Who are juveniles?

Juveniles are generally defined as persons under the age of 18 and above the age of 10. An individual's age is usually established by testimony or a birth certificate. Each state and the federal government have unique laws defining the beginning and end age of juveniles. A juvenile who is alleged to have committed an offense may have their case heard in juvenile court. This is a type of civil court. It has different rules than adult criminal court. Juvenile court (or “juvenile delinquency court”) provides defendants with fewer rights than they would receive in an adult criminal court. In many states, juveniles do not have the right to a jury trial. Typically, juveniles have the right to an attorney and an appeal.

The term minor is also used to characterize young people. It is usually used to categorize persons who are not allowed to engage in an activity. A minor can be a person under the age of 21 in cases that relate to the consumption of alcohol.

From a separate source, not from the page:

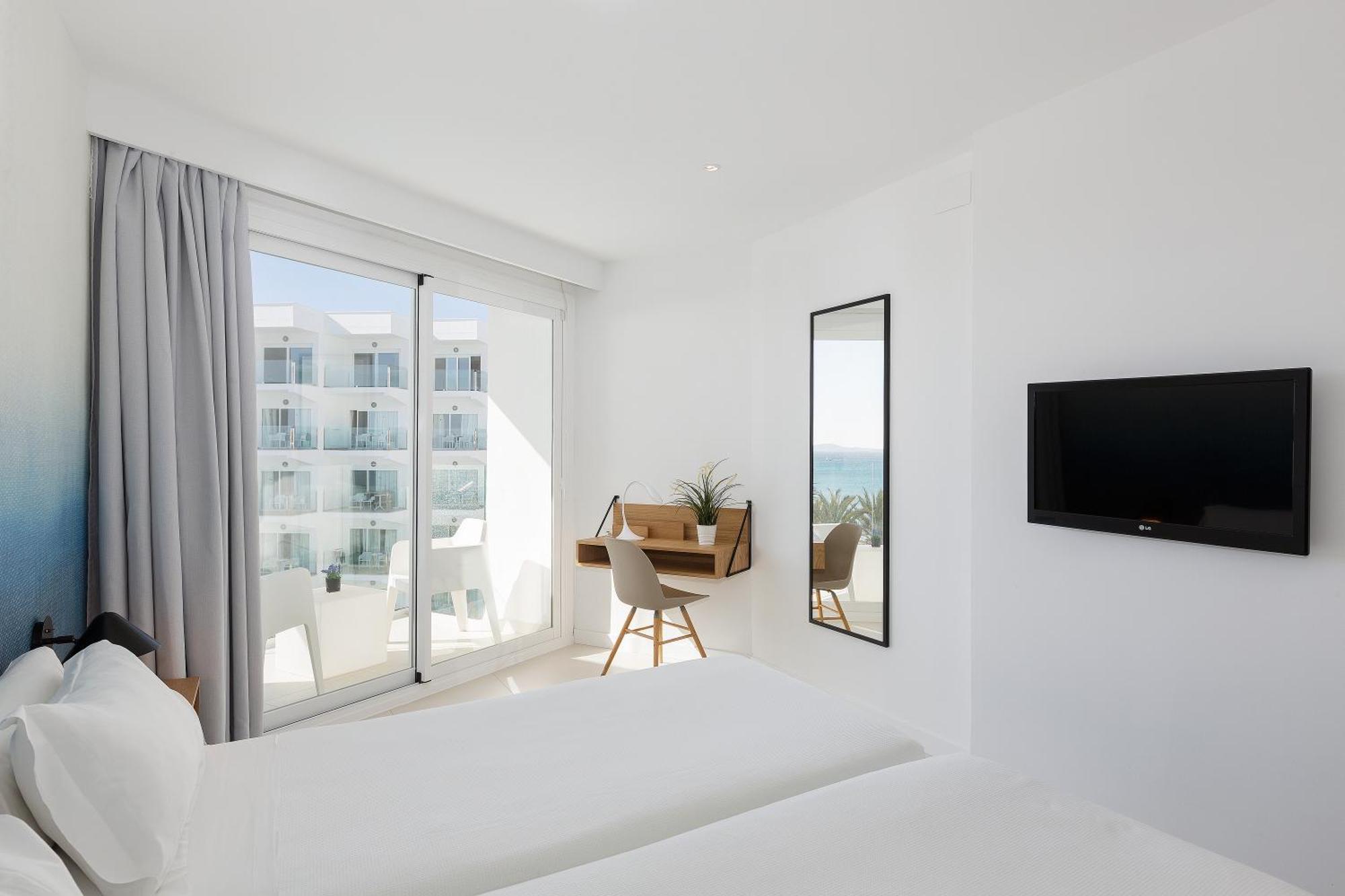 Camera Doppia con Letti Singoli con Vista Mare Laterale e Balcone (3 Adulti)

States treat juveniles and minors in different manners. In some states, juveniles accused of traffic offenses have their case heard in regular traffic court. Depending on the juvenile's age, a prosecutor may be able to motion to have the case of an older juvenile moved to adult criminal court. Children under the age of 10 who are alleged to have committed an offense are usually referred to a state-run or state-administered social services program.

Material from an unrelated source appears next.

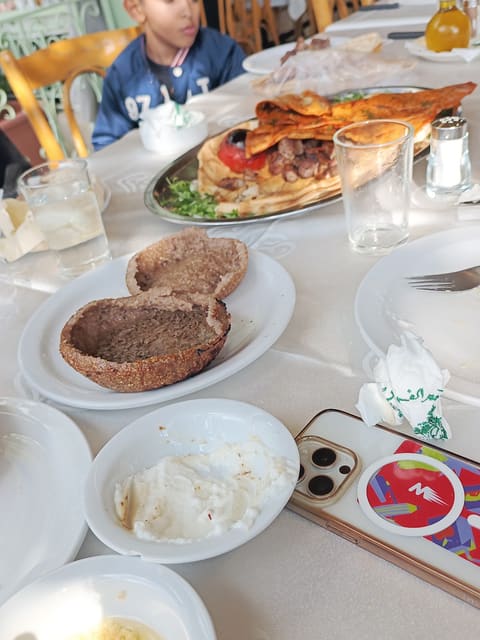 Al Ferdaws Restaurant — photograph 6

The idea of treating persons between the ages of 10 and 18 differently came about at the end of the 19th century in the United States. The primary purpose of the juvenile courts and state and federal government juvenile justice systems are to rehabilitate, rather than punish, juveniles and minors. Juveniles and minors who are detained in juvenile detention centers are often provided with opportunities to further their education and learn manual trades.